The toy worked simply and efficiently: two plastic arms were joined at one end; two smaller arms were joined and their open ends affixed to the larger arms: when either long arm was pulled, the other arms would move accordingly and in proper ratio. The joint of the smaller arms was secured on the table, a pencil or pen was affixed in a hole at the end of the further arm and as you traced using the opposite arm, the writing instrument "magically" copied whatever you were tracing; different configurations resulted in a larger or a small trace. Here's the commercial running on the afternoons in 1974 that ensnared me:
Albany Times-Union blogger Chuck Miller reminds us that the E-Z Tracer was simply a pantograph updated for the late-20th century suburban set, "the perfect way for you to practice forging mommy’s signature." I wasn't interested in such illicit purposes; I wanted to draw better (and OK, maybe try and pass off a traced illustration as my own if I was feeling brave at grade school). You don't have to be an artist with E-Z Tracer, the narrator assured me, make your own great picture! If only I could have used this principle at Saint Andrew's, during recess, amidst incomprehensible but fully-felt classroom politics, tracing my way to all kinds of success! Not to be. E-Z Tracer was a solitary endeavor at home after school, downstairs in the rec room as the house hummed with other activity, a buzz I barely registered. Like many toys, this one burned with an intensity that felt talismanic, hinting at door-opening epiphanies, but was soon replaced by the next plastic promise next week, or next month. A year later, I'd find parts of the E-Z Tracer scattered in the basement.

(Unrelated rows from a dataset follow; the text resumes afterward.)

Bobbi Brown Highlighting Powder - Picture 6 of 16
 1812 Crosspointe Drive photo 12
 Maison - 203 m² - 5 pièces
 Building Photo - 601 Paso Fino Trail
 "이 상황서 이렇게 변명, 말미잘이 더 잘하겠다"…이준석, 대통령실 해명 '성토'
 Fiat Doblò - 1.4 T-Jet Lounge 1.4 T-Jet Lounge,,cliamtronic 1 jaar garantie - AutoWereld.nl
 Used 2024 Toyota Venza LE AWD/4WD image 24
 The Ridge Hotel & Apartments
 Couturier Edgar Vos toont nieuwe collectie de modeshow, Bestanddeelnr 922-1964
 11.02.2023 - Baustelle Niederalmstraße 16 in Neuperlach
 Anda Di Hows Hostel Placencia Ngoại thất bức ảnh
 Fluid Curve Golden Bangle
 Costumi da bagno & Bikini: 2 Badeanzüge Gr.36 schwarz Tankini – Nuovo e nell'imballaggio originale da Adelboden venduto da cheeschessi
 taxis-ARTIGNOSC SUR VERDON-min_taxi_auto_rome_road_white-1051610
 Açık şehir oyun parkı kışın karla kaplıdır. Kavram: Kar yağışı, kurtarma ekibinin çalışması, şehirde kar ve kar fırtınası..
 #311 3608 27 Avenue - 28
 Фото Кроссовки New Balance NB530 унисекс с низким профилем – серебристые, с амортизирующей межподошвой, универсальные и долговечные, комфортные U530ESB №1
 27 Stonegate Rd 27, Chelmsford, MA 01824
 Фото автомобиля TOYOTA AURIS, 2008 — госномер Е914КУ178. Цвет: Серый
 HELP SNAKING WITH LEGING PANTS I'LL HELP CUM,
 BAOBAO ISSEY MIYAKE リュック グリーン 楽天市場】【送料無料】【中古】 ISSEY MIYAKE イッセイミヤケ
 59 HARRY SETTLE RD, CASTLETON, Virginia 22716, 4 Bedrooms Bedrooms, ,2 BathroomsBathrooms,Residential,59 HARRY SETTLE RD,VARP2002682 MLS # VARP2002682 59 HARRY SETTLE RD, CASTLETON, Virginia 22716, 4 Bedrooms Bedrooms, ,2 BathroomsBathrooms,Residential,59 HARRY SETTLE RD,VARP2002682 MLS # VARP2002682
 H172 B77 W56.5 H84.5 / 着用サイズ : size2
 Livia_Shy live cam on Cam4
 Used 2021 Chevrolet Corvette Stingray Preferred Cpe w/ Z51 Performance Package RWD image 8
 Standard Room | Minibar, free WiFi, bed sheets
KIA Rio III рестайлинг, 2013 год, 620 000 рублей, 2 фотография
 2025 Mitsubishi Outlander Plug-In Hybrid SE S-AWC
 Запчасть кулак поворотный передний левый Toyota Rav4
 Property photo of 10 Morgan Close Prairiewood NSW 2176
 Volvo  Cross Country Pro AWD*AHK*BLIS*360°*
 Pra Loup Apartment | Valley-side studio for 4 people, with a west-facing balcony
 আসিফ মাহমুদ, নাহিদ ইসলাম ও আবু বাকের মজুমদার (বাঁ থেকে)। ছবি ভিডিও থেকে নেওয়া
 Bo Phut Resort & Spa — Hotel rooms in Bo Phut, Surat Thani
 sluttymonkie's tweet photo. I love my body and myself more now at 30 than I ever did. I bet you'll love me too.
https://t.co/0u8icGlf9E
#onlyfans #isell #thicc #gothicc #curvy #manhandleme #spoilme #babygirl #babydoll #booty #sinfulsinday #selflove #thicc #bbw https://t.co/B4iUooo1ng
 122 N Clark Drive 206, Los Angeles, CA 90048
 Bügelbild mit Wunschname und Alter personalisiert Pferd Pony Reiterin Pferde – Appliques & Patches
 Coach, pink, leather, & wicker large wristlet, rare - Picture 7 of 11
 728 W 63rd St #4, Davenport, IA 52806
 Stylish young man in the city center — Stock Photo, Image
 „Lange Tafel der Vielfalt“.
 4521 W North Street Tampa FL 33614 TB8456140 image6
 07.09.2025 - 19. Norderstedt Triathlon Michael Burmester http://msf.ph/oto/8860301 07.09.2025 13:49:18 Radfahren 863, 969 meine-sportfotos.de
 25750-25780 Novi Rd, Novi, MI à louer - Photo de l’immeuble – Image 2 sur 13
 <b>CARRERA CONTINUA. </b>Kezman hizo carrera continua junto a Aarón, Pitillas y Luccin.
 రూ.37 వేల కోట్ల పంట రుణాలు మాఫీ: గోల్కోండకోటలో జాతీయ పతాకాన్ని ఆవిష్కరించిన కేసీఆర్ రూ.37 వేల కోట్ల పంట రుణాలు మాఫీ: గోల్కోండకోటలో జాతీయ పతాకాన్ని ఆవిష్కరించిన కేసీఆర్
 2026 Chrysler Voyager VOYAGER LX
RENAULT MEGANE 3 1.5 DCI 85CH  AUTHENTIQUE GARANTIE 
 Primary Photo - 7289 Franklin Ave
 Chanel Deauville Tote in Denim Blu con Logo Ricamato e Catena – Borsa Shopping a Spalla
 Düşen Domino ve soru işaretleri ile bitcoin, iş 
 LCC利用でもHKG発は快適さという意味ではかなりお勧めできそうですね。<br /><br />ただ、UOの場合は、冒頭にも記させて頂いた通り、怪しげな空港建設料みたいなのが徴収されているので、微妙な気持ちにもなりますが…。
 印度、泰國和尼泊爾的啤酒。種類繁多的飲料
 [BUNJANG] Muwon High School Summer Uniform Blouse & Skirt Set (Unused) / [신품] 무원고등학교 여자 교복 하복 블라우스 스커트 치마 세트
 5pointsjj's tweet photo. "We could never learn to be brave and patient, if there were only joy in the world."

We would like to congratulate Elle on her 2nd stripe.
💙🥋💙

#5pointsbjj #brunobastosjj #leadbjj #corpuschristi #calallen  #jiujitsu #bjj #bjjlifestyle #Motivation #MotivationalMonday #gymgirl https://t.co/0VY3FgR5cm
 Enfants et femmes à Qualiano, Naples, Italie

Vague, nameless disappointment hovered. Sure, the toy worked well, as promised (as promised!), but the ease with which I could now represent the world—Jim Brown in perfect proportion,; the Beatles on the rooftop in proper persepective—was a hollow victory. I wasn't drawing, I was copying; I intuited this dilemma from the beginning, but was too young too articulate it and too wowed by the coolness of the toy to care much. The disappointment would float to the level of consciousness after I'd finish a drawing, and brush away the pencil shaving and smudges: I just imitated something. OK, I was all for imitating at the time: Rich Little was a favorite; I was imitating popular gestures, popular clothes, popular sayings all day at school, hoping to morph into a personality rendered conventional, likable, a kid with social value. But this was different: at home at the table, I wanted to create, to flourish, to see where my moving hands would lead me, to draw a world recognizable, yes—I wanted to get those bell-bottoms perfect, that front grill looking like the car in the driveway—but I wanted that world to be mine, not E-Z Tracer's. It was too easy this way.
I couldn't name this melancholy at the time, but it came back after I watched the commercial on YouTube, once I'd made my way through the comforting, feel-good glow of nostalgia to the place where the mist lifts, where I remembered E-Z Tracer's brief shelf-life for me. To my siblings, my parents, friends I showed off for, I loved the toy; inside, something was dawning about art and representation, about the shallowness of having my hand held and being told, Look, this is how you do it, it's e-z. All of this just beyond my moving fingertips, of course, but felt. I didn't love paint-by-numbers kits much, either.